The Bare Sylvia Plath
Sylvia Plath was born in Jamaica Plain, Massachusetts to middle class parents. Her father was domineering and abusive, he passed away when she was eight years old. This was an extremely difficult incident for Plath to deal with. Although Sylvia Plath's career as a poet was a short one, there is quite a difference between her early poetry and the poetry she wrote in the last six months of her life. She had a limited audience, but became more eminent due to her tragic death. Readers are able to find the humanity of her life through the unraveling of her poetry. "Ariel”, was a poem written during Plath's final months. In class we read three poems called “Morning Song”, “Daddy”, and “Event”. Her use of alliteration, slant rhyme, imagery of the horrible and unnatural, and her recurring themes of lost identity or re-created identity are very perceptible in her writing. In “Ariel” Plath allowed her unique voice and vision to more fully surface, compared to her other poetry. The Ariel-period poems of Sylvia Plath demonstrate her desire for rebirth.

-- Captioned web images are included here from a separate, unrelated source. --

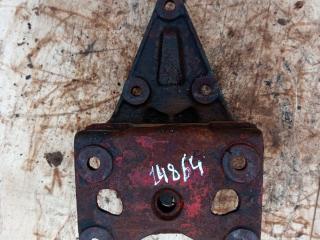 Кронштейн рулевого редуктора MAN TGA 1 поколение (2000 - 2008), GDi, седан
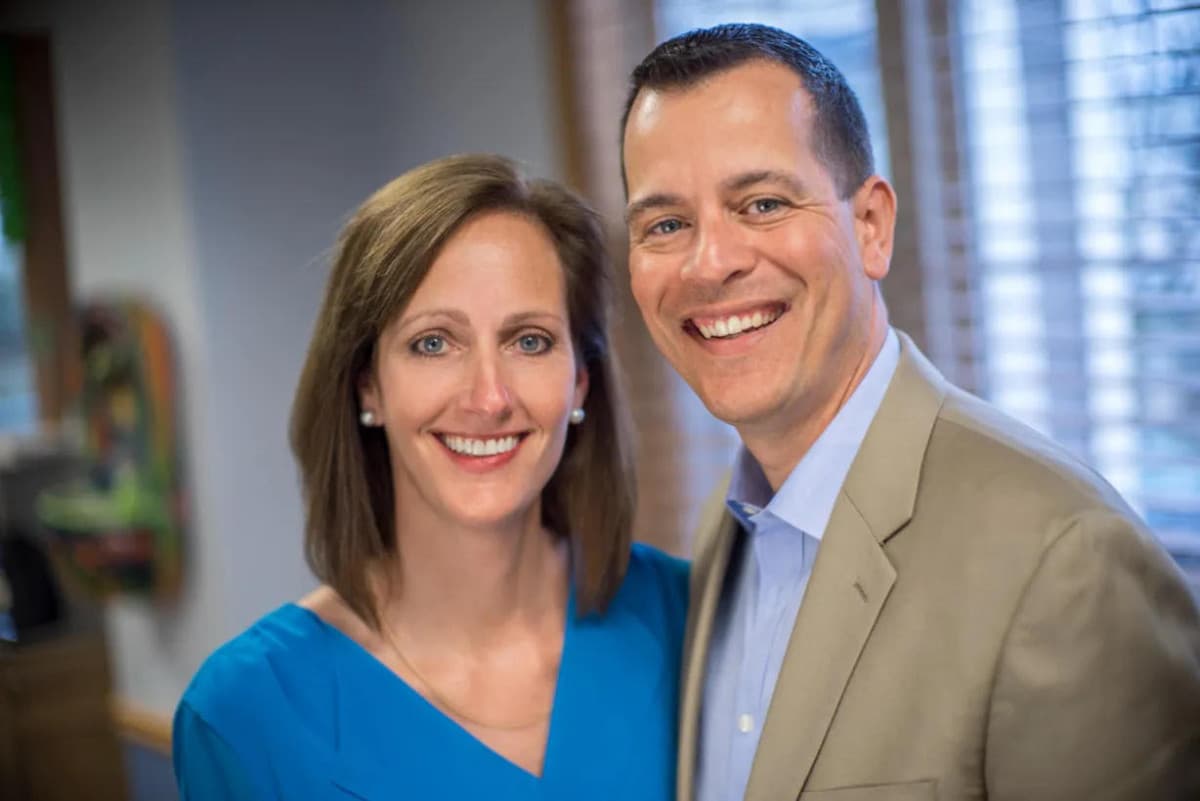 Romani Orthodontics bietet umfassende kieferorthopädische Versorgung in East Providence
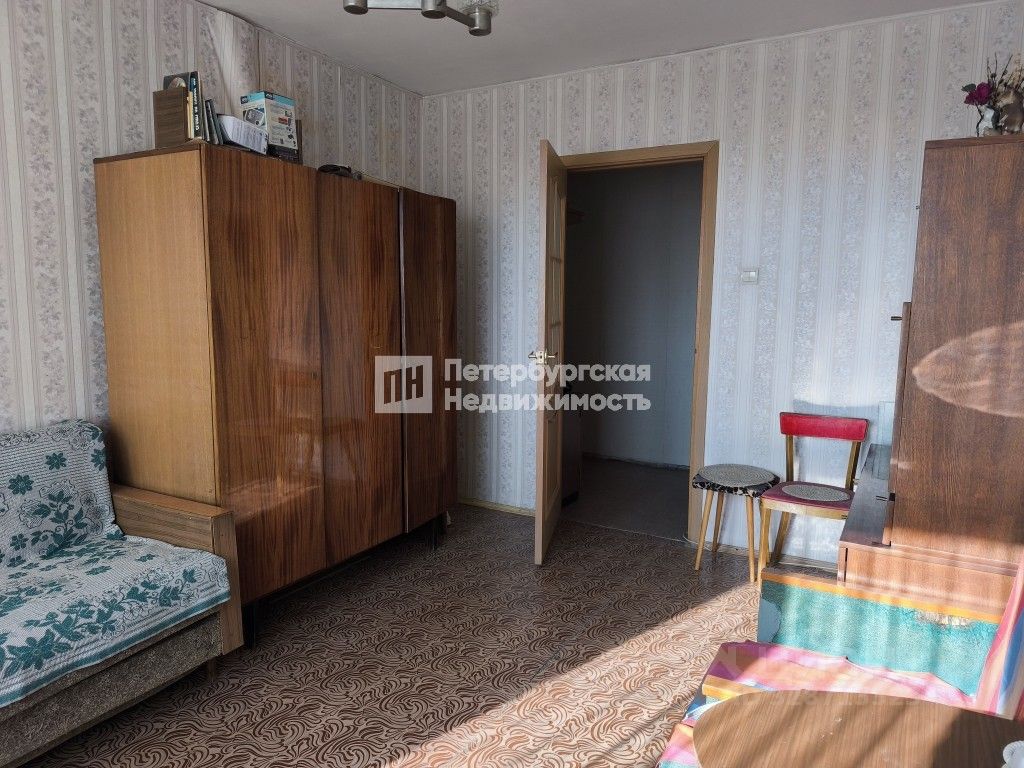 Продажа 2-комн квартиры на вторичном рынке Караваевская улица, 2К1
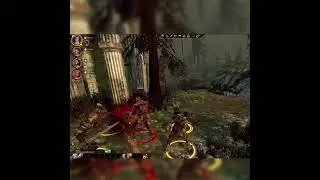 Short Dragon Age Origin Mans Best Friend #gamepass #eaplay #dragonage  #companions #shorts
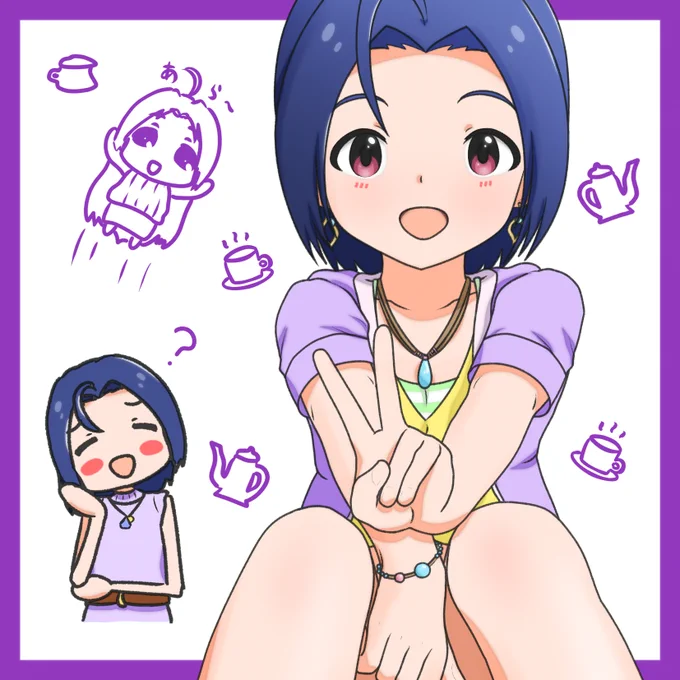 #三浦あずさ生誕祭2020
#三浦あずさ誕生祭2020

In Plath’s poem “Morning Song” she is describing the birth of her second child and the trials of the first night with a new offspring. Usually giving birth is a celebration in most people’s lives, but Plath’s experience was a melancholic and dramatic one.
Throughout the poem readers can pick up on the fear and phobia she is feeling. “Love set you going like a fat gold watch. The midwife slapped your foot soles, and your bald cry took its place among the elements”. It seems she is trying to accept this occurrence as much as she can, but she is in a fragile state. She describes the baby like a statue in a museum, Plath feels very uncomfortable with the art that she has created. She portrays the baby in a vulnerable state all through the poem, for example when she writes, “All night your moth-breath flickers among the flat pink roses”. The title “Morning Song” means the child’s cry in the morning. Plath did not know how to deal with this experience in her life, and she did not approach situations the way mothers typically do. This poem demonstrates how she deconstructed the episode and broke it down to the bare. She gives the reader a glimpse of what a harsh and lonely world she lives in.